Беременность не утаить, как бы я не хотела этого. Первой взорвалась Тина. От нее не укрылись пополневшие щеки, отекшие ноги и раздавшийся уже на третьем месяце живот. Девушка начала ругать меня. Ссора с Мишей не повод запускать себя. А потом она что-то увидела в моих глазах, вскочила со стула в ресторане, где мы обедали, и принялась целовать и обнимать меня. Теперь вот кидает мне фотки детской одежды и колясок. Затем состоялся разговор с Алексеем Витальевичем, который выразил полную поддержку и в этот же день перевел мне в три раза больше денег, чем обычно. Теперь он каждый день интересуется моим самочувствием, а я умоляю его не говорить ничего сыну. Я расскажу об этом сама. Но мне нужно собраться с силами.

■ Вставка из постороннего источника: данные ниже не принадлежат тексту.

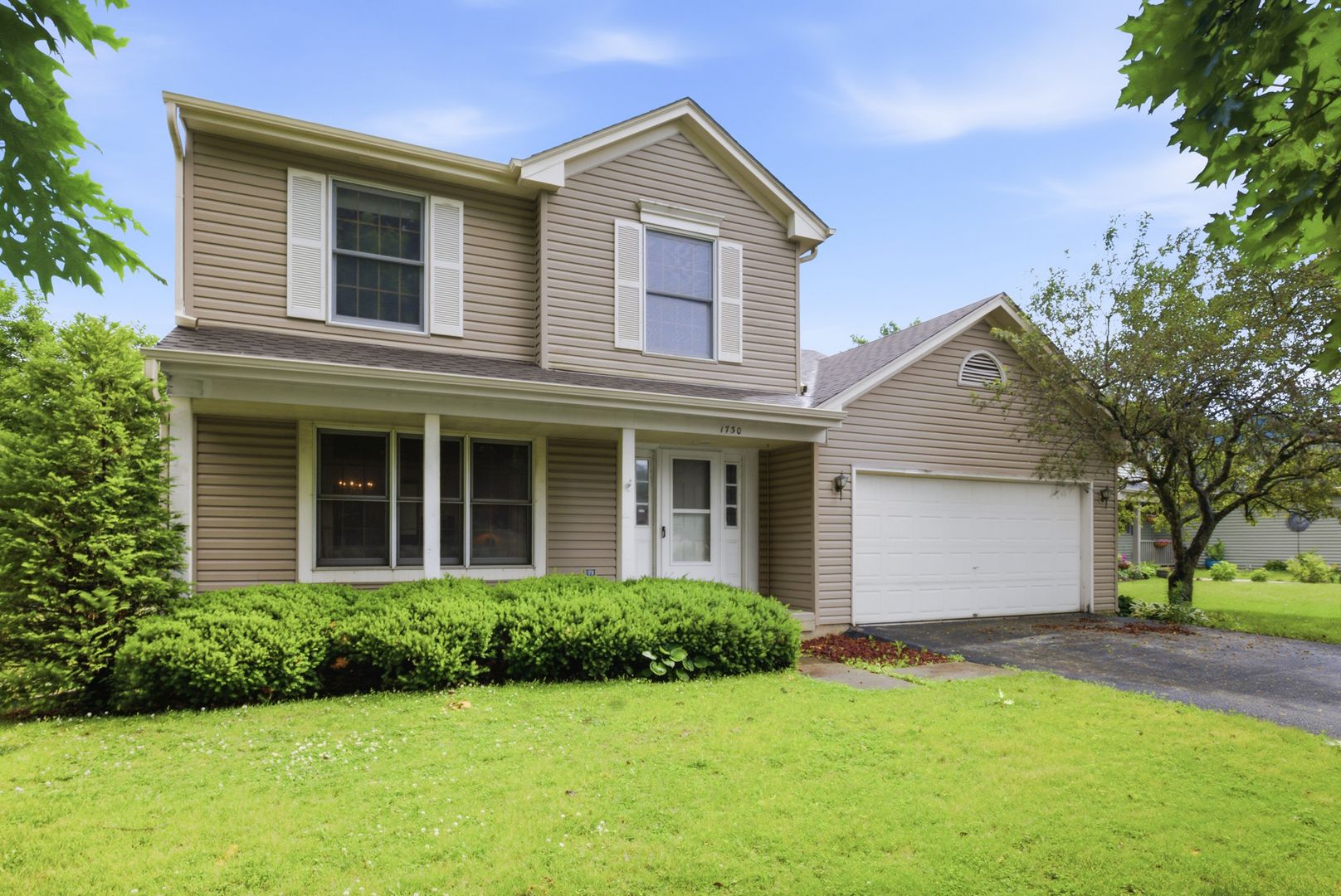 1730 Deer Run Drive — Montgomery, IL 60538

Принимаю вызов от Миши. Мы молчим. Я не знаю, что сказать, а Миша, скорее всего, не рассчитывал на ответ, и замешкался.
– Пухляш, – раздается в трубке после полуминутного молчания, – ты в порядке?

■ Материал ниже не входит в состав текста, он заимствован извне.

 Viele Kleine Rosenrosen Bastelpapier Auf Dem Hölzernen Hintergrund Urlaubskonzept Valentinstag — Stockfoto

– Алексей Витальевич говорит, ты в Крыму, – зачем-то произношу я.
– Да.
– Там красиво?
– Очень.
– Я никогда там не была.
– Я свожу тебя.
– Думаешь, я поеду с тобой куда-то? Я в жизни не останусь с тобой наедине. Ты не тот, за кого выдаешь себя, – я не хотела говорить этого, хотела только сказать, что беременна, но в груди поднялась целая буча, и вот я реву в трубку срывающимся голосом и сжимаю свободной рукой подушку на его кровати. – Я поверила, что нравлюсь! А ты хотел всего лишь сделать то, чего ждал от тебя отец! И тебе было мало этого обмана! Ты решил еще и поиздеваться надо мной… но зачем ты сделал это так жестоко? Я не виновата, что твой отец решил поженить нас, я не навязывалась. Я не заслужила такой боли! За что ты мне отомстил? Я не хочу видеть тебя, не хочу слышать! Я не расстроюсь, если ты не вернешься! Кто-то же не возвращается… Такие, как ты, не должны возвращаться…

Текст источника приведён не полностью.